Here’s bad form in the governance realm, though: Zuckerberg owns the majority of the company’s shares and possesses an excessive amount of voting power and control through Facebook Inc (NASDAQ:FB)’s dual-class stock structure. For investors who aren’t familiar with the term, this structure basically means that the separate type of stock Zuckerberg owns comes with 10 votes per share for every one vote regular shareholders have.
It’s as if you showed up at the polls to vote for president and realized that some “special” people were allowed 10 votes compared to your one.
It comes as no surprise that, as with Wal-Mart, Facebook Inc (NASDAQ:FB)’s shareholder votes supported management at the meeting — since Zuckerberg basically controls the voting power through his majority.
If you don’t want to answer to shareholders, ask somebody else for money
At companies like Nabors Industries Ltd. (NYSE:NBR), shareholders are ignored despite their majority votes against directors and policies. At companies like Wal-Mart and Facebook Inc (NASDAQ:FB), shareholder votes often don’t matter unless the individuals in control find it in their hearts to listen.
Either way, shareholders should be insulted at how badly and frequently they are snubbed.
There are several ways to go here. Investors who are only out for financial returns should consider selling such stocks, particularly if the company’s financial future looks shaky or has been for a while. Companies that ignore shareholders are more likely to reward their executives for failure, take short-term views, and possibly run their companies into the ground.
That’s what happens when power corrupts, and when shareholders don’t really care that business is deteriorating, management can run roughshod over true business health.
Another way to go is to stand your ground, hold your shares, and vote your proxy ballots every single year.
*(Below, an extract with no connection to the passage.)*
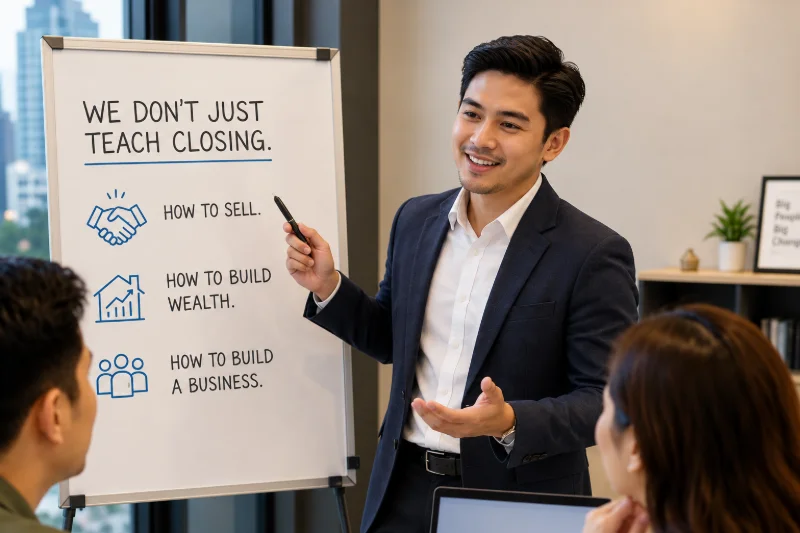 Mentor membimbing perunding hartanah: how to sell, how to build wealth, how to build a business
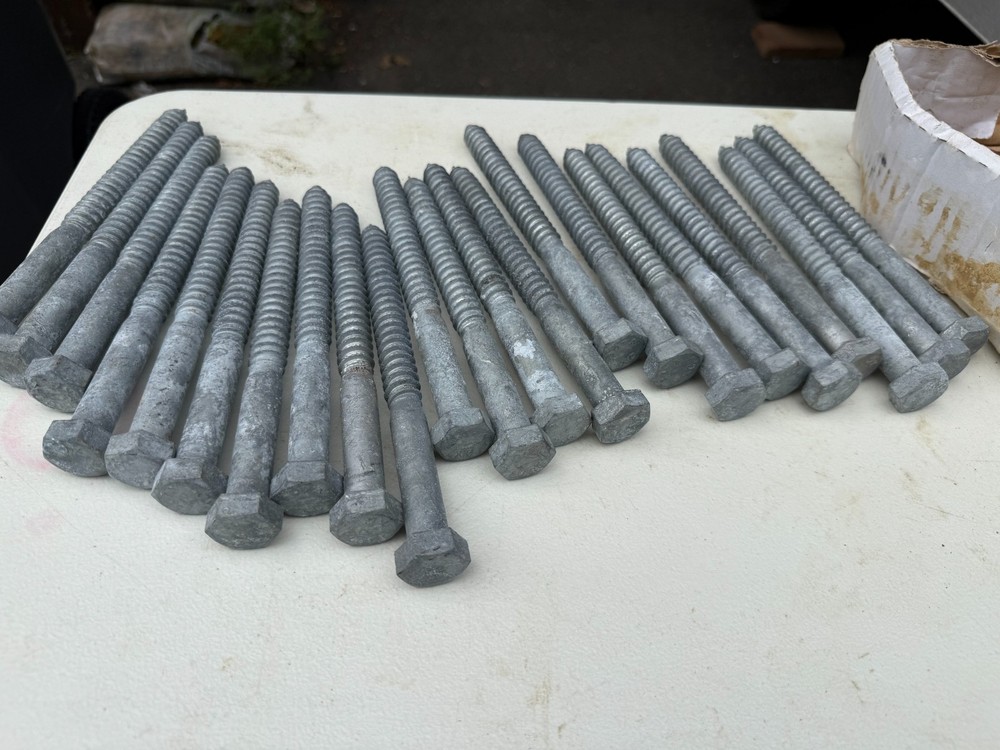 23-Piece Lot 1/2″ x 6″ Heavy-Duty Hot-Dipped Galvanized Hex Lag Screws/Coach Bol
While many investors and Wall Street types believe investors should either like it or lump it, selling their shares if they don’t like how managements and boards conduct business, there is something to be said for telling managements who feel that way exactly where they can go.
No matter what, it’s time to ask some questions. If corporate governance policies are poor, and corporate managements seemingly don’t care about shareholders’ opinions, why did the companies go public? Asking investors to invest in the business — and become part owners — should mean managements are accountable.
Public companies that sell pieces of themselves in the form of stock, then sell out the owners every chance they get, probably should never have gone public at all. Shareholders should stand up against being snubbed and tell their companies’ boards and managements to shape up. Corporate executives who didn’t really want to deal with shareholders should have thought about raising capital somewhere other than the public market.